We'll take a brief look at AVL trees. Self-balancing in AVL trees is achieved by tracking the balance factor (difference between the height of the left subtree and the right subtree) for each node and rotating unbalanced subtrees along the path of insertion/deletion to balance them.

In a balanced BST, the balance factor of each node is either 0, -1, or 1. When we perform an insertion, then the balance factor of certain nodes along the path of insertion may change to 2 or -2. Those nodes can be "rotated" one-by-one to bring the balance factor back to 1, 0 or -1.

There are 4 different scenarios for balancing, two of which require a single rotation, while the others require 2 rotations:

![image.png](attachment:35c4159a-25bf-4ceb-8e74-8f3f280e0005.png)
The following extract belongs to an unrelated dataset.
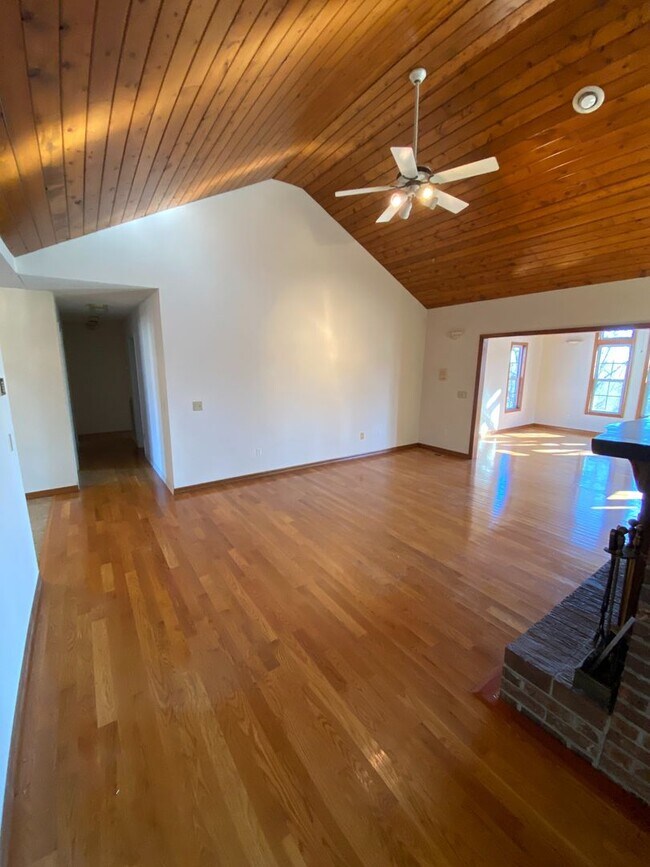 Building Photo - 2 Bed 2 Bath Home in Whites Creek. 20 minu...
Since each rotation takes constant time, and at most `log N` rotations may be required, this operation is far more efficient than creating a balanced binary tree from scratch, allowing insertion and deletion to be performed in `O (log N)` time.
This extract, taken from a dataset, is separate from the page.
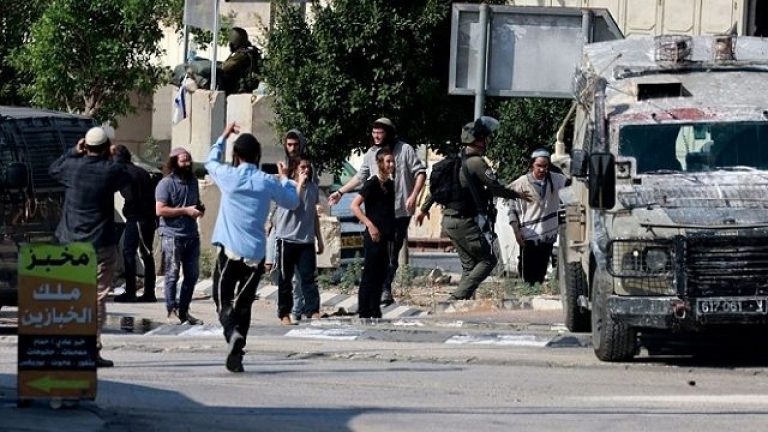 مستوطنون يدنسون مسجدًا في مدينة دورا ويستفزون مشاعر الفلسطينيين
Binary trees form the basis of many modern programming language features (e.g. maps in C++ and Java) and data storage systems (filesystem indexes, relational databases like MySQL). You might wonder if dictionaries in Python are also binary search trees. They're not. They're hash tables, which is a different but equally interesting and important data structure.